**** Records provided ****

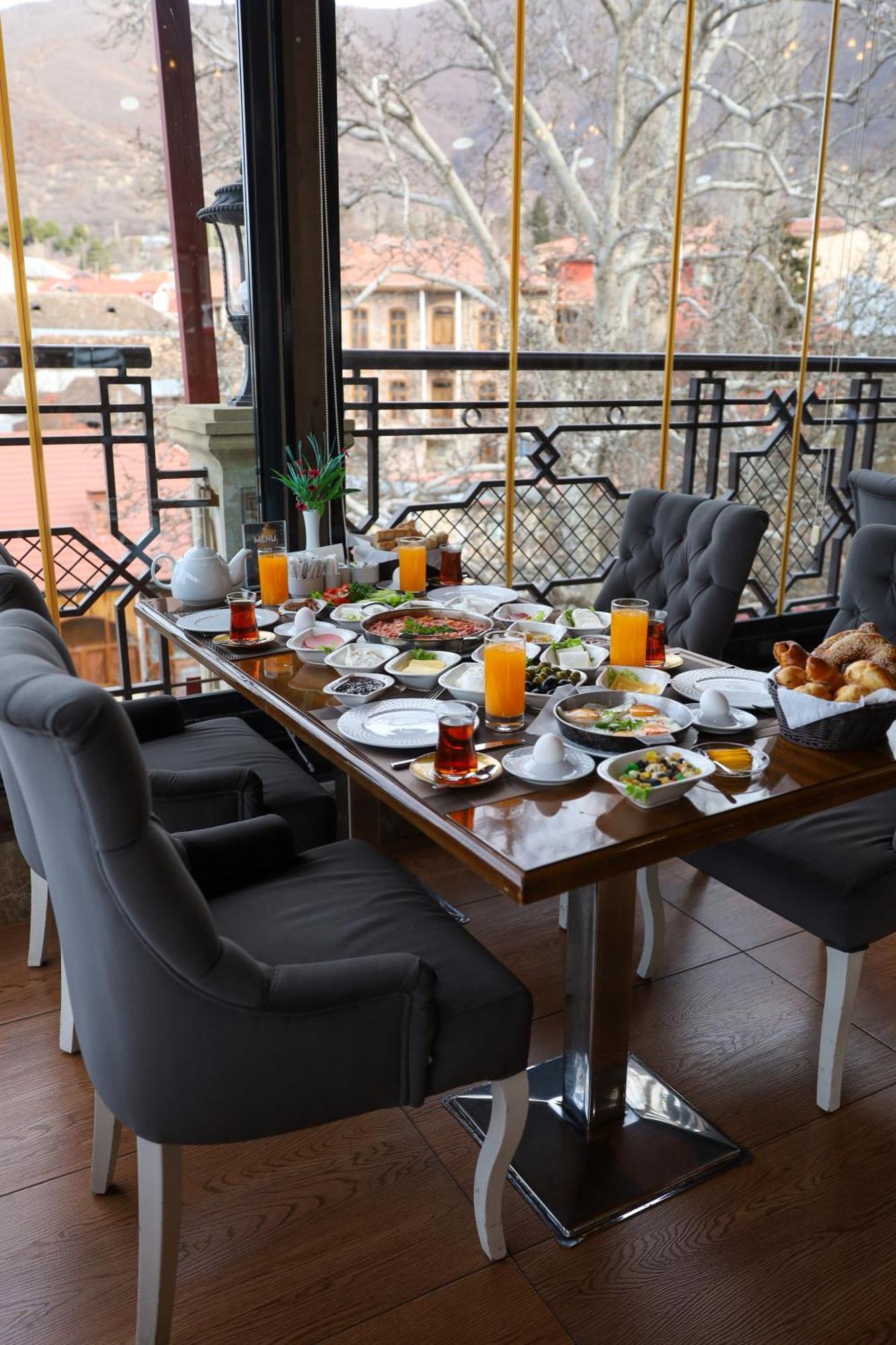 Sheki Palace Hotel Exterior photo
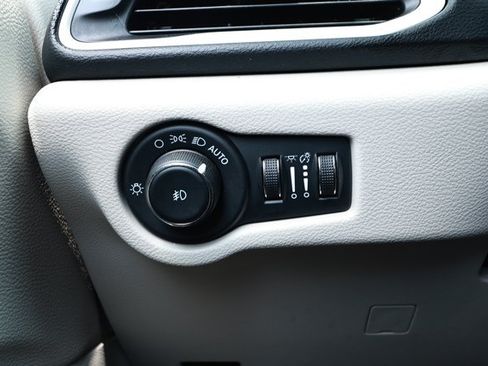 Used 2024 Chrysler Pacifica Touring-L FWD image 15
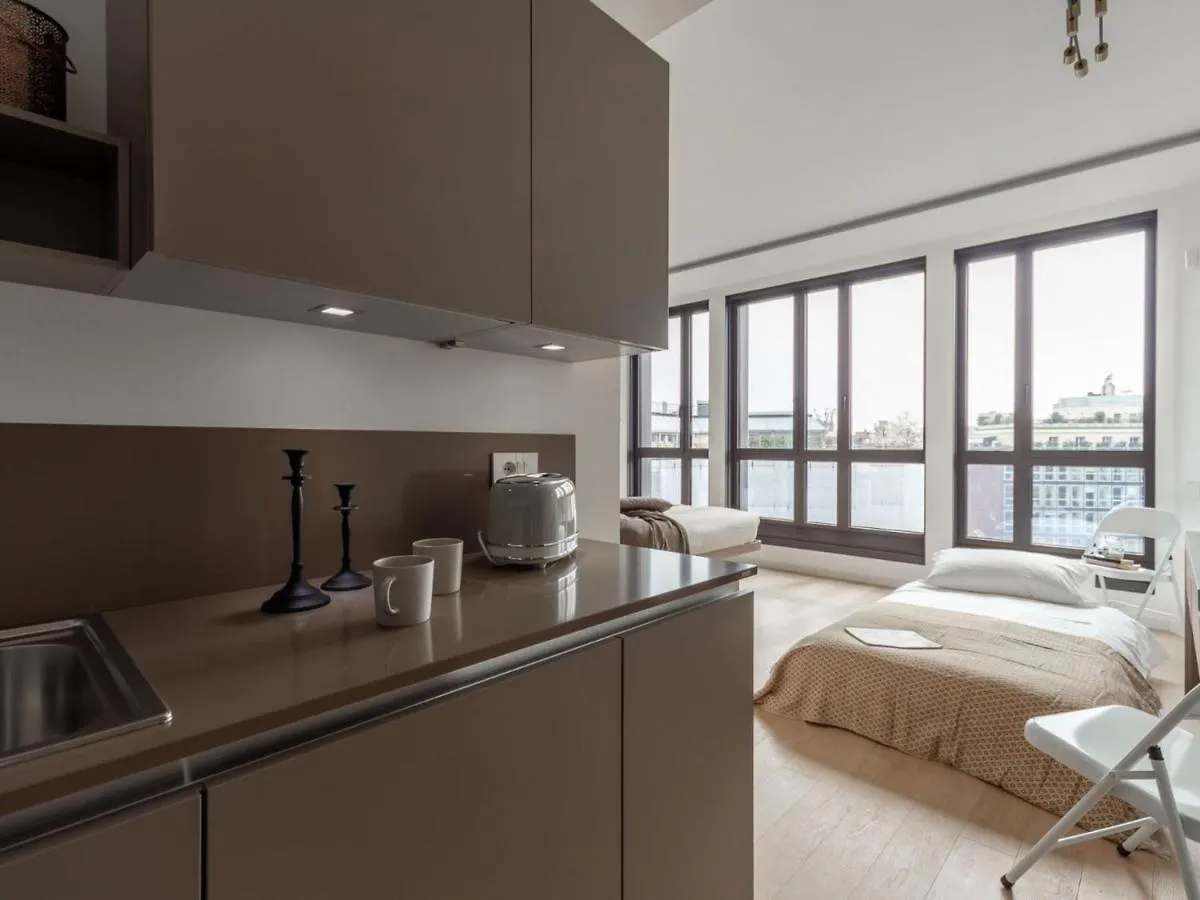 The Best Rent - Monolocale Moderno A Due Passi Dal Duomo Milan 0*,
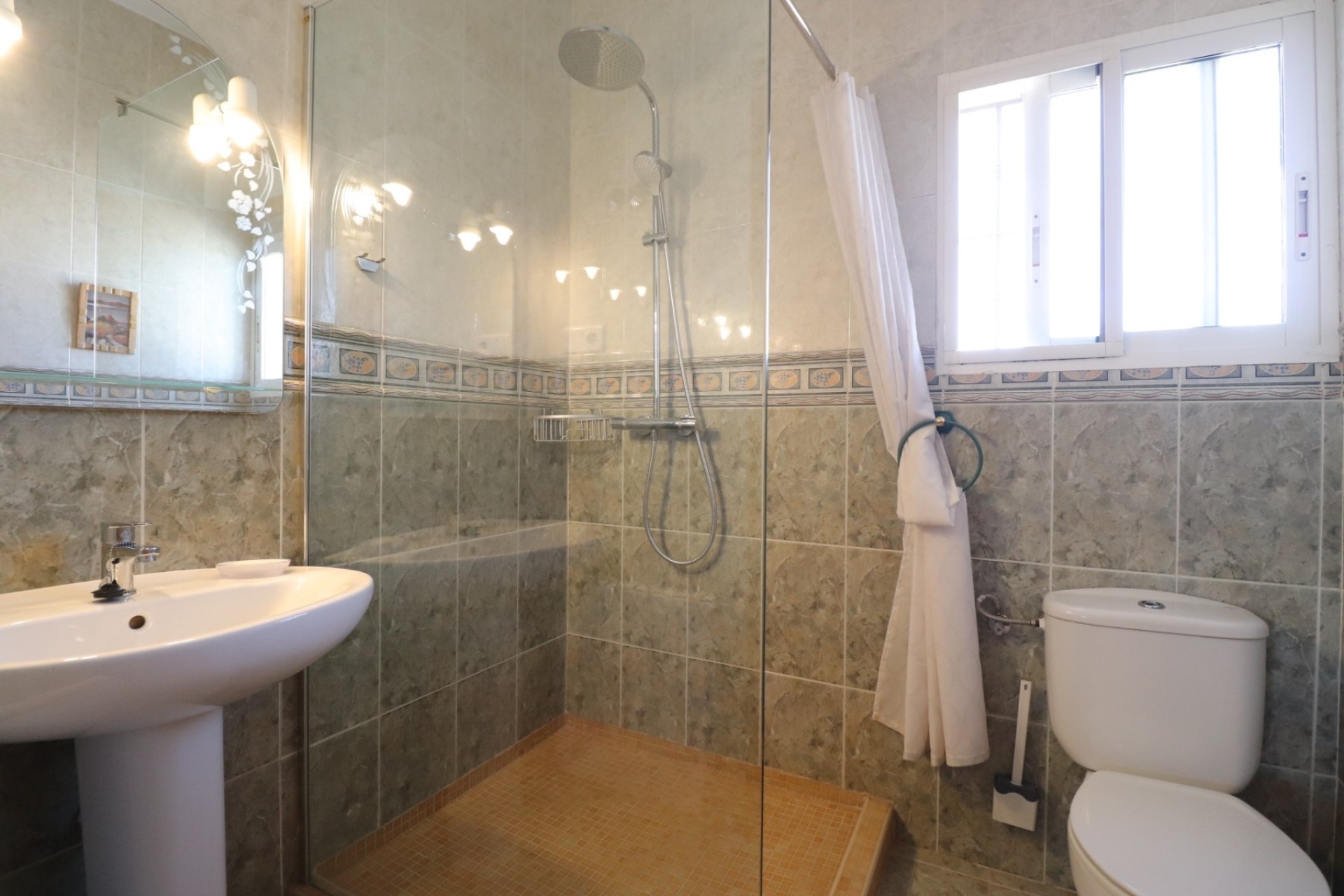 Herverkoop - Finca / Landhuis -
Callosa de Segura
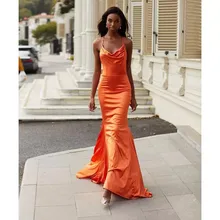 Robe de soirée de forme sirène en Satin, tenue de bal longue, Orange, bretelles Spaghetti élastiques, froncée, col rond, balayage du Train, 2021 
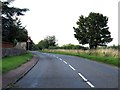 Heyford Road out of Middleton Stoney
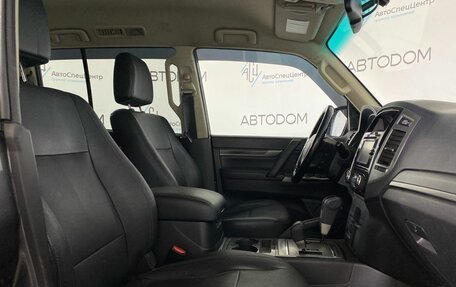 Mitsubishi Pajero IV, 2015 год, 2 697 000 рублей, 9 фотография
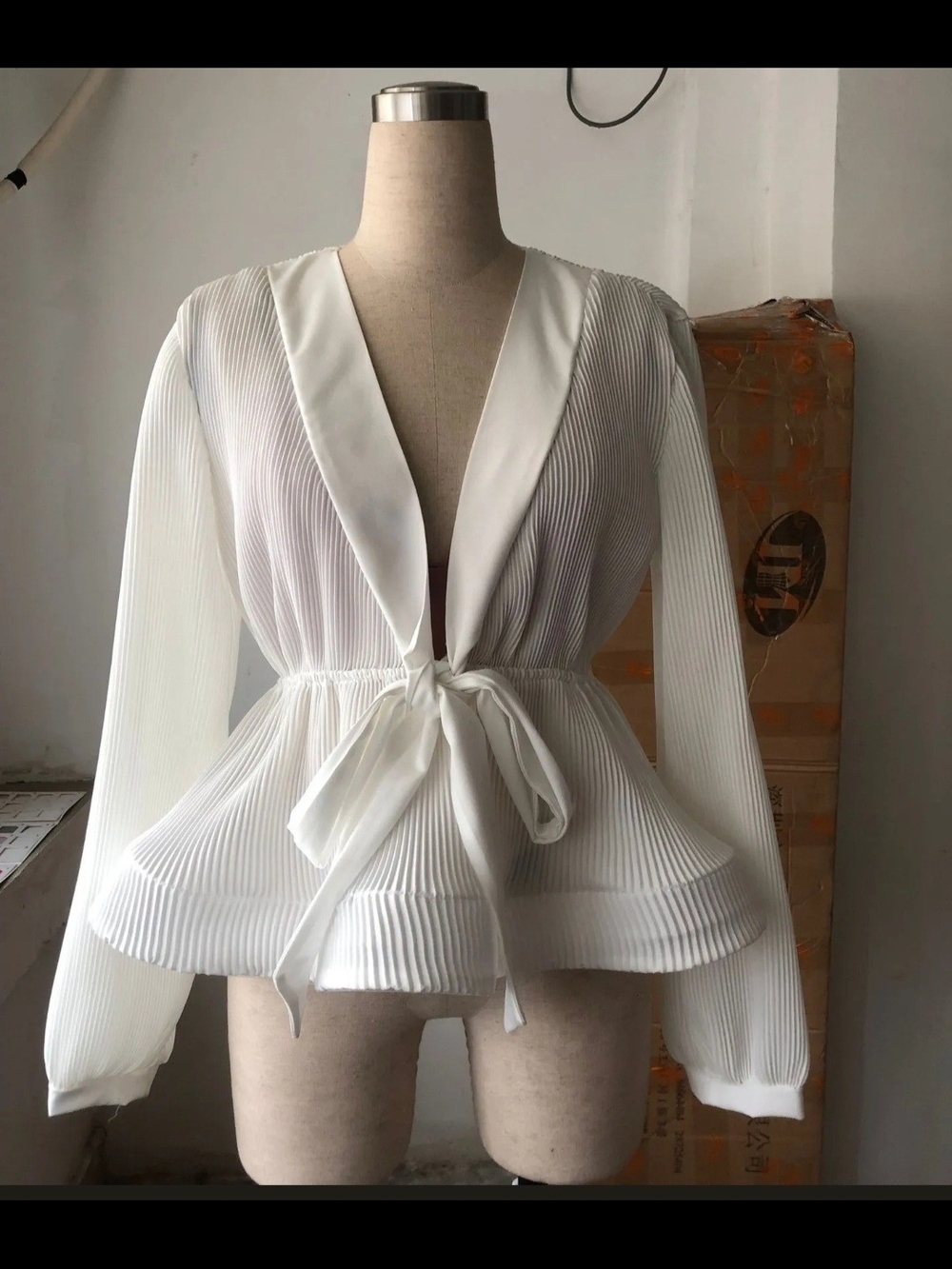 Wo Wo Women’s White Pleated Tie-Front Peplum Top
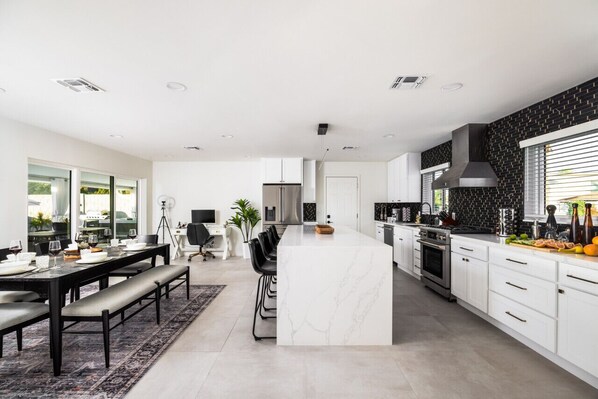 Jääkaappi, mikroaaltouuni, uuni, liesi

****

**Requirement**
Pictures aside, repeat each entry in full and without change.

**Written solution**
 Sheki Palace Hotel Exterior photo
 Used 2024 Chrysler Pacifica Touring-L FWD image 15
 The Best Rent - Monolocale Moderno A Due Passi Dal Duomo Milan 0*,
 Herverkoop - Finca / Landhuis -
Callosa de Segura
 Robe de soirée de forme sirène en Satin, tenue de bal longue, Orange, bretelles Spaghetti élastiques, froncée, col rond, balayage du Train, 2021 
 Heyford Road out of Middleton Stoney
 Mitsubishi Pajero IV, 2015 год, 2 697 000 рублей, 9 фотография
 Wo Wo Women’s White Pleated Tie-Front Peplum Top
 Jääkaappi, mikroaaltouuni, uuni, liesi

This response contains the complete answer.